Tourism and technology among drivers of post-COVID economic recovery for Calderdale
Tourism and technology are among the main drivers likely to steer Calderdale’s economic recovery from the COVID-19 pandemic.
Calderdale Council’s Place Scrutiny Board was debating the council’s recovery plan which said tourism and culture, worth £400 million to Calderdale, using technology to develop the economy and capital investment already committed for schemes, and voluntary sector help would all have important recovery roles.
These also raised challenges, such as currently patchy digital infrastructure and people cautious about venturing out in the post-COVID environment.
Towns investment was also of high importance, with Calderdale’s Town Boards in the process of drawing down up to £75 million from the Government for towns across Calderdale.
Rethinking Calderdale’s towns for the future will be another foundation stone, says the report.
Gateway, highway and green schemes, with the council’s capital investment, would also play their part, delivering opportunities for new businesses to develop and grow, creating new jobs, and the skills which would be needed, it said.
Cabinet member for Regeneration and Strategy, Coun Jane Scullion (Lab, Luddenden Foot) said she was absolutely convinced tourism in Calderdale would bounce back, boosted by promotion and TV links ranging from Gentleman Jack to Ackley Bridge.
Coun Josh Fenton-Glunn (Lab, Calder) said one challenge was how to balance boosting this coming out of COVID, while still ensuring people felt secure when they went out into towns.
“Some people are devil-may-care and others are more cautious,” he said.
The council’s regeneration lead Shelagh O’Neill said there was a pent-up demand, people wanted to do things.
“We have started to identify how we can open up the local economy safely,” she said.
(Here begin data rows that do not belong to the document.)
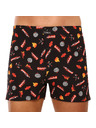 VoXX Boxeri bărbătești VoXX multicolor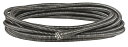 Ridge Tool Compan 96037 C-6ーIC 3/8 × 10.7M ケーブル 96037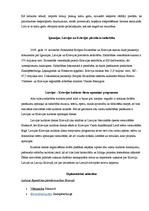 Konspekts 'Latvijas un Krievijas attiecības', 3.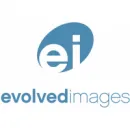 EVOLVED IMAGES Photographers--Advertising & Fashion in Keswick SA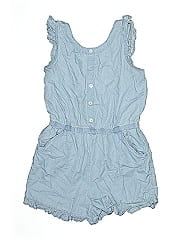 Wonder Nation Dress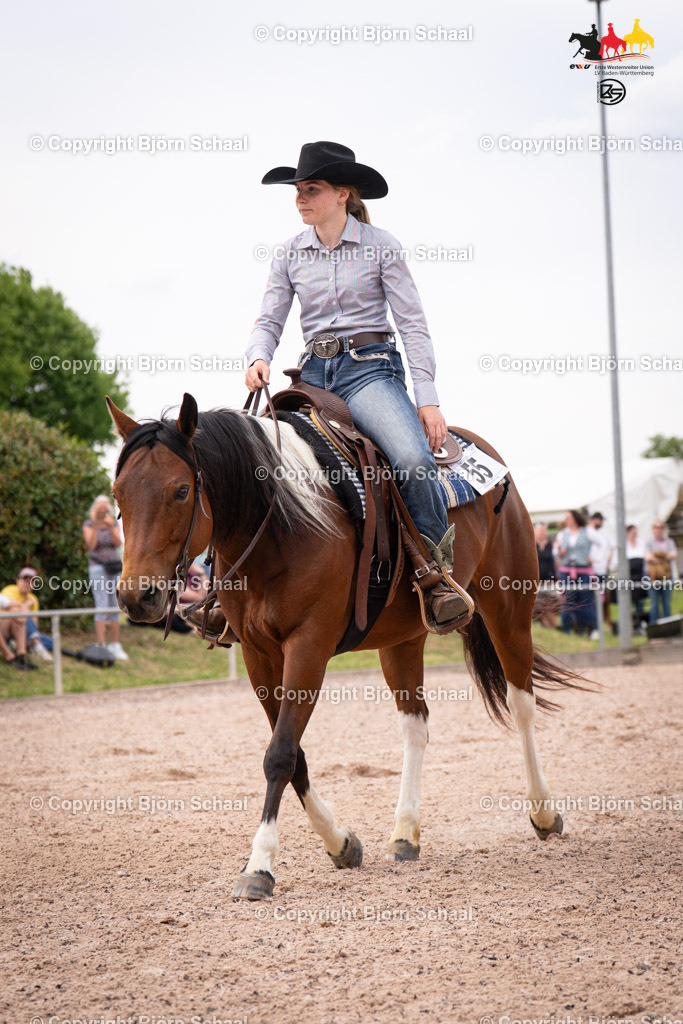 LMB09691 | BS-foto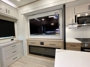entertainment-center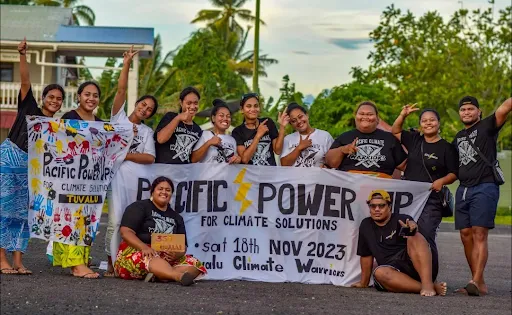 Tuvalu.png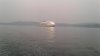 20180310_064019.jpg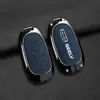 Adecuado para Funda de Llave Geely Xingyue 2026 Modelo Nuevo Carcasa de Mando a Distancia Versión para Hombre Versión Exploración Libre Versión Sueño Juvenil Protección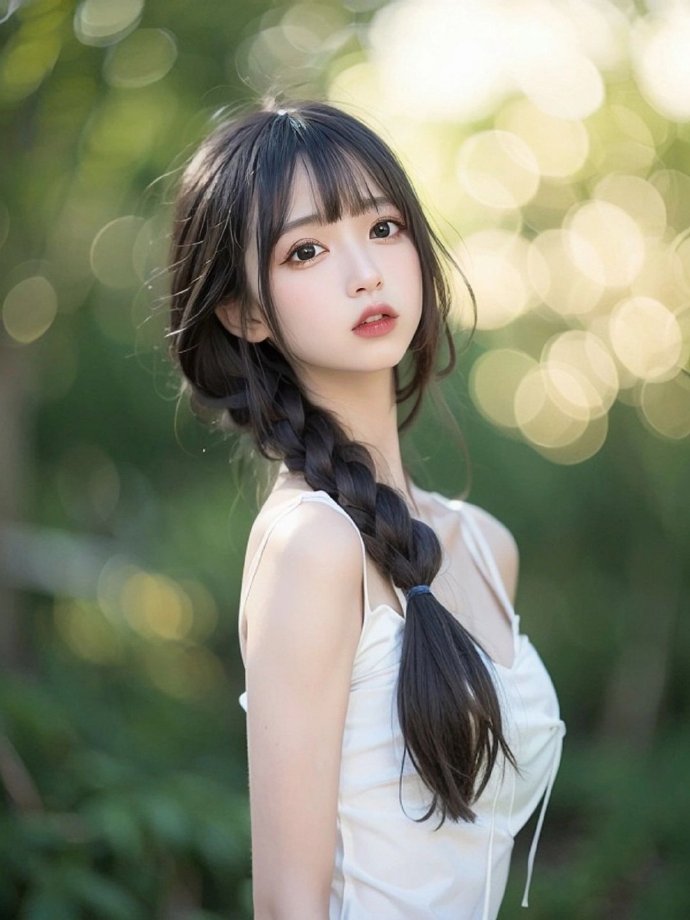 九品芝麻官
How this could be done in each place was being looked at, for example in Hebden Bridge.
Board Chair Coun George Robinson (Con, Hipperholme and Lightcliffe) asked how long it would be before economic recovery success could be measured.
Sian Rogers, the council’s Policy and Projects Manager, and lead for the voluntary and community sector, said performance indicators would be refreshed and adapted, with some improvements likely to show sooner rather than later.
Coun Roisin Cavanagh (Lab, Luddenden Foot) said she assumed the council had actions that were immediate to help young people who had been disproportionately affected by the pandemic.
Ms Rogers said some big things were already set in motion at regional level including the Kickstarter programme which aimed to get people into employment and skills as soon as possible whether coming out of furlough or leaving a job.
The council and regional partners were trying to identify where there will be gaps, for example across retail and hospitality, with support packages for those sectors likely to be needed.
More funding should come through devolution following the recent agreement, said Ms Rogers.